At my university, if you missed a single lecture you were (figuratively) lynched. An unfortunate handful of course-mates even failed their first year because, despite good marks, their attendance record wasn’t just so. That might sound harsh, but spare a thought for the seminar-snoozing Japanese monk, who would instead be punished with otherworldly screaming, flapping and harassment by an evil black crane with glowing lantern eyes.

Before we descend any further into this nightmare, I should say that I’m also due some angry screeching. I’ve failed to find much information at all about this demon bird, and not due to sleeping on the job. I did too much of my own shrieking for that to have been possible.

To start with what I could find out, Onmoraki only gets more horrifying. In Toriyama Sekien’s encyclopaedias of Japanese demons and folklore, it’s also the soul of a freshly dead corpse.

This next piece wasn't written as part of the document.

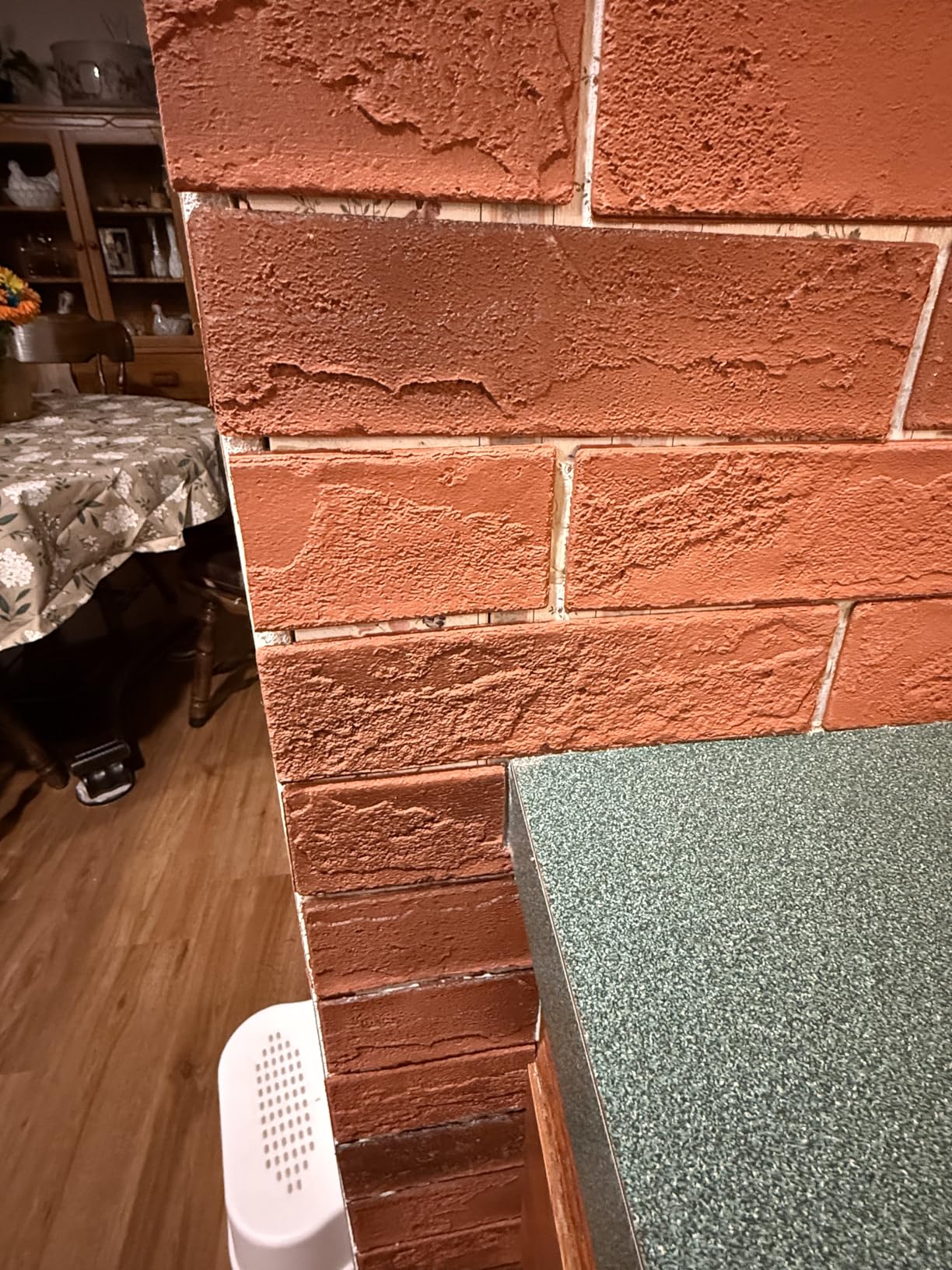 100 Whitewash Grey Faux Brick Wall Tiles, 3D Thin Brick Veneers for Bedroom, Bathroom, Kitchen, Fireplace and Fence Wall Panels (14.2 sq ft) customer photo 2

Learn something, or get out

Featured in the Chinese chronicle Qing Zun Lu, or Seisonroku in Japan, this demonic crane briefly terrorised a man named Sai Shifuku, who had nodded off in a lecture hall at a countryside temple. After being screeched awake, Sai shot down the hall with Onmoraki in hot pursuit, at least until he threw a glance over his shoulder and it disappeared.

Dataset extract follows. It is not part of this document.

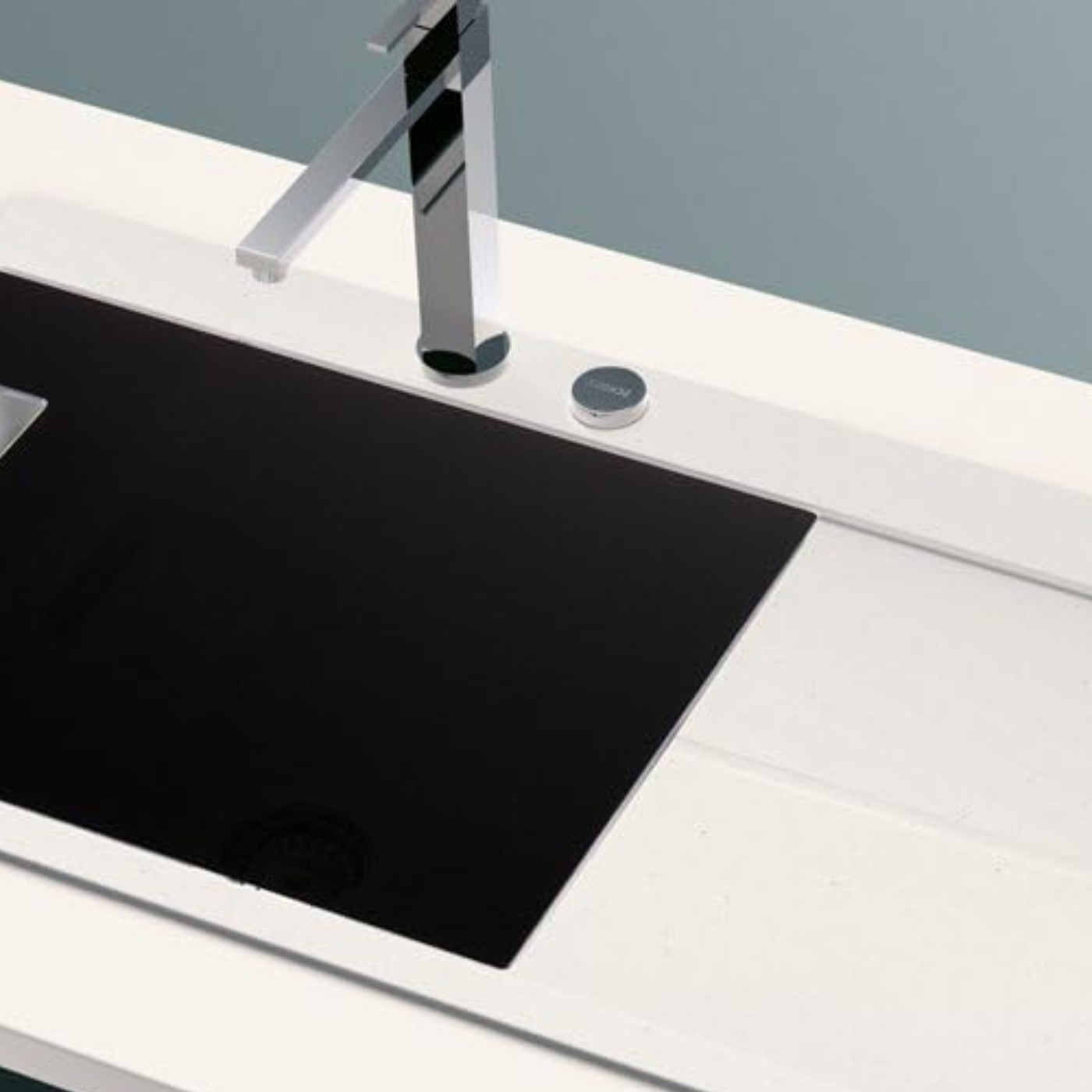 Grande planche à découper Schock en verre noir CLARA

…presumably before he saw its dodgy proportions.

The local monks, who kindly let the “sleeping through lectures” bit slide, blamed it on a body being stored nearby. A Shramana monk at Kaihō temple confirmed this when Sai later returned to the capital, advising that, in the Buddhist canon Tripitaka, the soul of a newly deceased corpse can sometimes transform into an Onmoraki.

That’s great, says I, I’ll check out the Tripitaka then, the scriptures of Theravada Buddhism, and see if I can’t find more information. This time, I’m the one who starts (figuratively) screeching.

A demon in a haystack

There are over 10,000 scriptures, or suttas, in the Tripitaka, and none of the parts I found in English mentioned anything about Onmoraki. What’s more, even if I found a full length copy not written in a language I didn’t speak, it would take up half a wall of shelf space. So short of sitting down and learning Thai, Sanskrit, or the original Pāli, I won’t be able to find much else. But this hasn’t stopped other works from helping themselves to some avian academic rage.

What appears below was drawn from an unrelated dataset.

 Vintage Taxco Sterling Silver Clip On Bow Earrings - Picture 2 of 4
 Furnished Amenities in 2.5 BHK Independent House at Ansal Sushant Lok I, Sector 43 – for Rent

If Onmoraki‘s there, you don’t have a prayer

In Matthew Meyer’s impressive Yokai catalogue, Onmoraki has a disturbing human face, and chooses to mock its victims in their own voice. While it also springs from a freshly dead corpse, this is because its memorial prayer was lacklustre or non-existent. In the gloriously gruesome 70s artwork of Gōjin Ishihara, on the other hand – aimed at children! – Onmoraki is depicted as a fire-breathing demon bird perched atop a skull. In more modern Japanese media like the games Yu Gi Oh!, Megami Tensei, and Nioh, Onmoraki is borne out of corpses and yells at priests who don’t read their sutras properly.

So let’s just hope it never teams up with Amarok.

TLDR

What? Crane-like shadow demon formed from the soul of a fresh corpse

Where? Japan, near temples, especially around lazy monks and the newly deceased

How big? Presumably crane-sized, so about 1.5 metres / 5 feet tall, with a wingspan of 2.5 metres / 8 feet.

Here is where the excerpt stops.